My hosts in NZ told me "this is the land of old cars" and indeed I saw a
lot of old cars there. My hire car was a Toyota Corolla with no -- none,
nada, zip emissions controls and a manual choke. Looking into the engine
compartment reminded me of looking into a two-cycle Saab 96. There was so
much empty space in the engine bay that at least in retrospect it had that
same feeling of looking way down to a tiny little engine even though it was
a 1600 or 1800 cc motor. At that time Toyotas were selling poorly in NZ
due, my hosts told me, to a problem a few years previous where an
engineering change in the protective coatings on body panels being shipped
to the local assembly plant wasn't communicated properly to said plant,
resulting in a big batch of Toyotas from which all the paint fell off.

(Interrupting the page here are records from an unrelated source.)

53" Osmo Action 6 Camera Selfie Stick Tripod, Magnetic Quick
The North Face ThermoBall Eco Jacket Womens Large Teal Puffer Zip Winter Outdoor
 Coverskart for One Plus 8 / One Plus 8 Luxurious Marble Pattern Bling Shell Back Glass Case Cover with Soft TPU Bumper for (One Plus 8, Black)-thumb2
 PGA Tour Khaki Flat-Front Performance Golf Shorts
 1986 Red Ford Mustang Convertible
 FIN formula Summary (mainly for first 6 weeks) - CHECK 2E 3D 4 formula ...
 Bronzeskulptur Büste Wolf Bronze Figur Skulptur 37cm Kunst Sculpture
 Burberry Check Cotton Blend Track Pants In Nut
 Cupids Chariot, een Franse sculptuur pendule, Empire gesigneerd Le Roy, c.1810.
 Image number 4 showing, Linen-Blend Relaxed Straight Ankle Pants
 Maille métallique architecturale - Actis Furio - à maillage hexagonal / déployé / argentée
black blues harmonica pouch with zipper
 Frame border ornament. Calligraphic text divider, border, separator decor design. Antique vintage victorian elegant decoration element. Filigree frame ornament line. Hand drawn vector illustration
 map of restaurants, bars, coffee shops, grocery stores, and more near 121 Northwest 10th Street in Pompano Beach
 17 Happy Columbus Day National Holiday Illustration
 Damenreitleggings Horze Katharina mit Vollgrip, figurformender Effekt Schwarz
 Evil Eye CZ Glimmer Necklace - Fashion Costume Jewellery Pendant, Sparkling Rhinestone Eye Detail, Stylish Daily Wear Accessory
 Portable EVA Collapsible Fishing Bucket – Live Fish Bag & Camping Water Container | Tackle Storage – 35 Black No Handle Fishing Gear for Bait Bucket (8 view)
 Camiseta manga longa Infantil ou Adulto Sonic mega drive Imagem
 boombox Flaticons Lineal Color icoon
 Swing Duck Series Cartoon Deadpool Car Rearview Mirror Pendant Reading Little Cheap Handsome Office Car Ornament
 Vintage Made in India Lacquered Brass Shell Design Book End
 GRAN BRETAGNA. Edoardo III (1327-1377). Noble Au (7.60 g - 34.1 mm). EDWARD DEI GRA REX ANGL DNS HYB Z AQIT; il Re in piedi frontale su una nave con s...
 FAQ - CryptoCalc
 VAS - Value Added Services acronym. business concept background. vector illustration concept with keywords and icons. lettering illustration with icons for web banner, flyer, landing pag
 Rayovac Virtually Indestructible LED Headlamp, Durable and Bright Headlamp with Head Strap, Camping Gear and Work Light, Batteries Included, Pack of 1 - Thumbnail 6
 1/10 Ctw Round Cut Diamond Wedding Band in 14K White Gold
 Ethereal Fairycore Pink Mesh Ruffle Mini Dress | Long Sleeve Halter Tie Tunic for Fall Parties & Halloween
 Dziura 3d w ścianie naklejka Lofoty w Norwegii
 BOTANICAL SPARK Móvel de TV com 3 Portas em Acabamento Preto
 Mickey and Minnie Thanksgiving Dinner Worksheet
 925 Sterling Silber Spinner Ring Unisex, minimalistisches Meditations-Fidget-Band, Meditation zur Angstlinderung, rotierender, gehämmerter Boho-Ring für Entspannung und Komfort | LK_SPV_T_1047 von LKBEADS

Among my many fond memories of NZ (in OZ in midwinter I was working dawn to
dusk and hardly saw the place) was trying to get some lamb to eat. My
hosts were scandalized -- wouldn't do it. "Poor people eat lamb!" they
said. They said Regular Folks eat beef and when they were eating high
they'd have pork. Looking at the numbers later (3 million people, 40
million sheep, 10 million cattle and 150,000 hogs) put some perspective on
this.
Some different perspective arose when they had a hostage situation while I
was there -- a man holding his wife hostage in a car was killed by police
either just after he shot her or because they thought he was about to. The
newspaper had a very alarmed editorial and pointed out that seven poeple
had now been killed by police -- since 1955 or thereabouts.
david
--
David Beierl - Providence, RI
http://pws.prserv.net/synergy/Vanagon/
'84 Westy "Dutiful Passage"
'85 GL "Poor Relation"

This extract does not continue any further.